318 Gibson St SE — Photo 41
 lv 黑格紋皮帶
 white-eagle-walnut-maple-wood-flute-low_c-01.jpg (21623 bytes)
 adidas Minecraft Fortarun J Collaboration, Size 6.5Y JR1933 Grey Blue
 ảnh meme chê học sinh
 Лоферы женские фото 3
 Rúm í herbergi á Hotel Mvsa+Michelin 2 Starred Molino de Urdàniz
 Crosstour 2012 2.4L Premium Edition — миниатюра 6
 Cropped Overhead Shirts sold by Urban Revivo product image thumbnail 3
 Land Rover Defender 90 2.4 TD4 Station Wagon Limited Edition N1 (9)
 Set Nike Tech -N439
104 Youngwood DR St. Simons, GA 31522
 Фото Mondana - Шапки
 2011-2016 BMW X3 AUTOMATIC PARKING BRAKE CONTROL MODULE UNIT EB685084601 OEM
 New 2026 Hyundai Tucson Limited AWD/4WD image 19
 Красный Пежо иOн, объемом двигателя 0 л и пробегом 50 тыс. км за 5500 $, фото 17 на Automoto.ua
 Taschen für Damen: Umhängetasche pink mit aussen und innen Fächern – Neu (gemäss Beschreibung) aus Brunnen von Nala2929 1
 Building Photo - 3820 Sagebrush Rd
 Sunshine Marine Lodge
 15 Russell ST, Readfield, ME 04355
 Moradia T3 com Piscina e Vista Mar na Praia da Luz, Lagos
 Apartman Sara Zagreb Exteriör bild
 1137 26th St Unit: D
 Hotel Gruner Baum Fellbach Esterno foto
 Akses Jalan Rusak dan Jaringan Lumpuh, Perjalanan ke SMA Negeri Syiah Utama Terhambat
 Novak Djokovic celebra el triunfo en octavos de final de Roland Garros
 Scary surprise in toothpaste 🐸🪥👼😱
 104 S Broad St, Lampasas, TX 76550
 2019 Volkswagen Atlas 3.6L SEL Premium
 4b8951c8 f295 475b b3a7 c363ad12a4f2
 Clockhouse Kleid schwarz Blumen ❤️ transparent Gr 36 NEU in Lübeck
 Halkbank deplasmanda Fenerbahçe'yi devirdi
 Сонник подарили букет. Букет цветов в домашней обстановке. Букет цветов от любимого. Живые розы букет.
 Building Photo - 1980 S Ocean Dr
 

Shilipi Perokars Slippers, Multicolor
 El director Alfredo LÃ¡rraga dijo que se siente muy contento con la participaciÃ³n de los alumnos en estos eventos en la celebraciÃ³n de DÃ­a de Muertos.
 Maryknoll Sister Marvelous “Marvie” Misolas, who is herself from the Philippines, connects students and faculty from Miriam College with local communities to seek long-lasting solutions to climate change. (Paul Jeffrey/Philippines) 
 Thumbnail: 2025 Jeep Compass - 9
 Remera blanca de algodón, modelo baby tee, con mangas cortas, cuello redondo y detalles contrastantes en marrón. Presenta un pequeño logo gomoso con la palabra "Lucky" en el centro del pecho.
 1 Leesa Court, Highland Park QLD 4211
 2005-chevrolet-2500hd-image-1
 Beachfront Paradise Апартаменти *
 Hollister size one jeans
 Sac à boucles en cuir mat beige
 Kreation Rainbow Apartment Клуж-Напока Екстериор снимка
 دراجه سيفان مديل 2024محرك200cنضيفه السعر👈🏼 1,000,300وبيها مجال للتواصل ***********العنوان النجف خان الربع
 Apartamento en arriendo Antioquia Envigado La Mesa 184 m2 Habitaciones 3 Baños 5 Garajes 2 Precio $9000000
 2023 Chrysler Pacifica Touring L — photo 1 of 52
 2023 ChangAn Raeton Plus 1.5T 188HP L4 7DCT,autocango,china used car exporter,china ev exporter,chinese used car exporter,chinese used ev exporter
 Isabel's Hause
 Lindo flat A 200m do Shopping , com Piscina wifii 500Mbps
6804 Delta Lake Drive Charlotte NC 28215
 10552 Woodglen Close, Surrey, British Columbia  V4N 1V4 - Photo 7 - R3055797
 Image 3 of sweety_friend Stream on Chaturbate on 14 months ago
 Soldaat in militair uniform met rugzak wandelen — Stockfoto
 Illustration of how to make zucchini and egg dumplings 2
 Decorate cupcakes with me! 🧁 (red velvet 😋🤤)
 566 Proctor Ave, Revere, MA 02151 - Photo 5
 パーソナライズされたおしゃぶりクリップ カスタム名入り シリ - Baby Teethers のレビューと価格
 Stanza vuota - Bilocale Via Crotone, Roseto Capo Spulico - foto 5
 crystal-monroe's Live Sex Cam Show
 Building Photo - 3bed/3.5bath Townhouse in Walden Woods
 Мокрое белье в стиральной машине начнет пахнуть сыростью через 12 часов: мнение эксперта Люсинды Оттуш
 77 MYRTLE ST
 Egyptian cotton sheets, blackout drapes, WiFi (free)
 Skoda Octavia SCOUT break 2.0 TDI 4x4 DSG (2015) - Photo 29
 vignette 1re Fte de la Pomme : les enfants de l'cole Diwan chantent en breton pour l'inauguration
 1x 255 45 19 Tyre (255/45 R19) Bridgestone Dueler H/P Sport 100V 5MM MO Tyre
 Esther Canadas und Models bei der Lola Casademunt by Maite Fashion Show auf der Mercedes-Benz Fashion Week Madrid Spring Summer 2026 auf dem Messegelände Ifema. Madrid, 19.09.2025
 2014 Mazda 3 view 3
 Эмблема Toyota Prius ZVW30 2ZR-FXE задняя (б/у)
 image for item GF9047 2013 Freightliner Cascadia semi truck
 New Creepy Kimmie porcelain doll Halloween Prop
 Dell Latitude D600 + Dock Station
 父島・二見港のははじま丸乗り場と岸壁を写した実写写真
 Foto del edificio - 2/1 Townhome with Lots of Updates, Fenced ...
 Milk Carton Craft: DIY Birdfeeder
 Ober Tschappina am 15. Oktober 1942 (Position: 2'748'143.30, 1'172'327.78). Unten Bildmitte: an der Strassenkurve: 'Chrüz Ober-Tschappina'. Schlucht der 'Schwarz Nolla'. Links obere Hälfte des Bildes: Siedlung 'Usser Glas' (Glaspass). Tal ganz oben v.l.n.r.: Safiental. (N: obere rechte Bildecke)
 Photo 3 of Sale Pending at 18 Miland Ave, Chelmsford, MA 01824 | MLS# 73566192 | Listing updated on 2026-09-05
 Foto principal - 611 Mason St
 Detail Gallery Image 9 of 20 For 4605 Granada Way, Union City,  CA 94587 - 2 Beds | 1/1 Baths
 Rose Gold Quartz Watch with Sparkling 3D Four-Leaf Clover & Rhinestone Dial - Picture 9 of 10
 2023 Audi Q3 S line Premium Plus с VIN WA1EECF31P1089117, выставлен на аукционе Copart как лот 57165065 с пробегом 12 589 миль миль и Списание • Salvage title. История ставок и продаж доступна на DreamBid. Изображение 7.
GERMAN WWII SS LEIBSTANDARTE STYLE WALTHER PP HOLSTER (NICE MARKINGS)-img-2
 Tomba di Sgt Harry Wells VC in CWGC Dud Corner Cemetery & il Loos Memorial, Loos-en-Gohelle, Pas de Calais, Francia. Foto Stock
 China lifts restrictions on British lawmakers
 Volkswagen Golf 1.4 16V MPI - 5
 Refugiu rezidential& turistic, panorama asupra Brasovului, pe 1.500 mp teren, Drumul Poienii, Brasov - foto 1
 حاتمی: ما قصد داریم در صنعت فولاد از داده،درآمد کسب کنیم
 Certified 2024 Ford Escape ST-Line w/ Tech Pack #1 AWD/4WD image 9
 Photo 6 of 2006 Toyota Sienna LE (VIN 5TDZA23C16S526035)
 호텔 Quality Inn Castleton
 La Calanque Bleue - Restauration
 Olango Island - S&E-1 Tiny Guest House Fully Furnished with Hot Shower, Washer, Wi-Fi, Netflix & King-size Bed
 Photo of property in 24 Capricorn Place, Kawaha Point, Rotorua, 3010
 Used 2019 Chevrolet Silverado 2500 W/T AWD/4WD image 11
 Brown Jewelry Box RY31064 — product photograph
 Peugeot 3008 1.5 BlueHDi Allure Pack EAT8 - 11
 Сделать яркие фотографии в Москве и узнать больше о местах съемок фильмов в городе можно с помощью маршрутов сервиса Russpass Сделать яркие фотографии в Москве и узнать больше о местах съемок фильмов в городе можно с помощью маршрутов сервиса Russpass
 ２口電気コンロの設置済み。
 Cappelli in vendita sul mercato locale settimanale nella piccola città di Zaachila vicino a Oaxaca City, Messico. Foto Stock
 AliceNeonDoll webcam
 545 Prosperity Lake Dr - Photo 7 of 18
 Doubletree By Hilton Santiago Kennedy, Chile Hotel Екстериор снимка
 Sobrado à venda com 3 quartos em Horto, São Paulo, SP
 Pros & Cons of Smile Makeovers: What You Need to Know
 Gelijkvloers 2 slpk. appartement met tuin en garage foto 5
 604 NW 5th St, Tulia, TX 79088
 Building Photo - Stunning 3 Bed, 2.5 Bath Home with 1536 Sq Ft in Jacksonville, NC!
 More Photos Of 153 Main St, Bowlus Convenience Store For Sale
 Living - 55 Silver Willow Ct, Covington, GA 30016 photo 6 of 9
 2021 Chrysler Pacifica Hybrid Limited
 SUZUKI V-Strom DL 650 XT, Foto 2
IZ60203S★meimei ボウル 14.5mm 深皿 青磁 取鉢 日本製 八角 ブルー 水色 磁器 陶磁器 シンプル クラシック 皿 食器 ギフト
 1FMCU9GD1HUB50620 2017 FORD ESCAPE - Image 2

┄┄┄┄┄┄┄┄┄┄┄┄┄┄┄┄┄┄┄┄

## DESCRIPTION OF THE TASK
Copy range, inclusive: the line holding "父島・二見港のははじま丸乗り場と岸壁を写した実写写真" to the line holding "Peugeot 3008 1.5". Reproduce exactly those lines of the records above and no others.

## TASK ANSWER
 父島・二見港のははじま丸乗り場と岸壁を写した実写写真
 Foto del edificio - 2/1 Townhome with Lots of Updates, Fenced ...
 Milk Carton Craft: DIY Birdfeeder
 Ober Tschappina am 15. Oktober 1942 (Position: 2'748'143.30, 1'172'327.78). Unten Bildmitte: an der Strassenkurve: 'Chrüz Ober-Tschappina'. Schlucht der 'Schwarz Nolla'. Links obere Hälfte des Bildes: Siedlung 'Usser Glas' (Glaspass). Tal ganz oben v.l.n.r.: Safiental. (N: obere rechte Bildecke)
 Photo 3 of Sale Pending at 18 Miland Ave, Chelmsford, MA 01824 | MLS# 73566192 | Listing updated on 2026-09-05
 Foto principal - 611 Mason St
 Detail Gallery Image 9 of 20 For 4605 Granada Way, Union City,  CA 94587 - 2 Beds | 1/1 Baths
 Rose Gold Quartz Watch with Sparkling 3D Four-Leaf Clover & Rhinestone Dial - Picture 9 of 10
 2023 Audi Q3 S line Premium Plus с VIN WA1EECF31P1089117, выставлен на аукционе Copart как лот 57165065 с пробегом 12 589 миль миль и Списание • Salvage title. История ставок и продаж доступна на DreamBid. Изображение 7.
GERMAN WWII SS LEIBSTANDARTE STYLE WALTHER PP HOLSTER (NICE MARKINGS)-img-2
 Tomba di Sgt Harry Wells VC in CWGC Dud Corner Cemetery & il Loos Memorial, Loos-en-Gohelle, Pas de Calais, Francia. Foto Stock
 China lifts restrictions on British lawmakers
 Volkswagen Golf 1.4 16V MPI - 5
 Refugiu rezidential& turistic, panorama asupra Brasovului, pe 1.500 mp teren, Drumul Poienii, Brasov - foto 1
 حاتمی: ما قصد داریم در صنعت فولاد از داده،درآمد کسب کنیم
 Certified 2024 Ford Escape ST-Line w/ Tech Pack #1 AWD/4WD image 9
 Photo 6 of 2006 Toyota Sienna LE (VIN 5TDZA23C16S526035)
 호텔 Quality Inn Castleton
 La Calanque Bleue - Restauration
 Olango Island - S&E-1 Tiny Guest House Fully Furnished with Hot Shower, Washer, Wi-Fi, Netflix & King-size Bed
 Photo of property in 24 Capricorn Place, Kawaha Point, Rotorua, 3010
 Used 2019 Chevrolet Silverado 2500 W/T AWD/4WD image 11
 Brown Jewelry Box RY31064 — product photograph
 Peugeot 3008 1.5 BlueHDi Allure Pack EAT8 - 11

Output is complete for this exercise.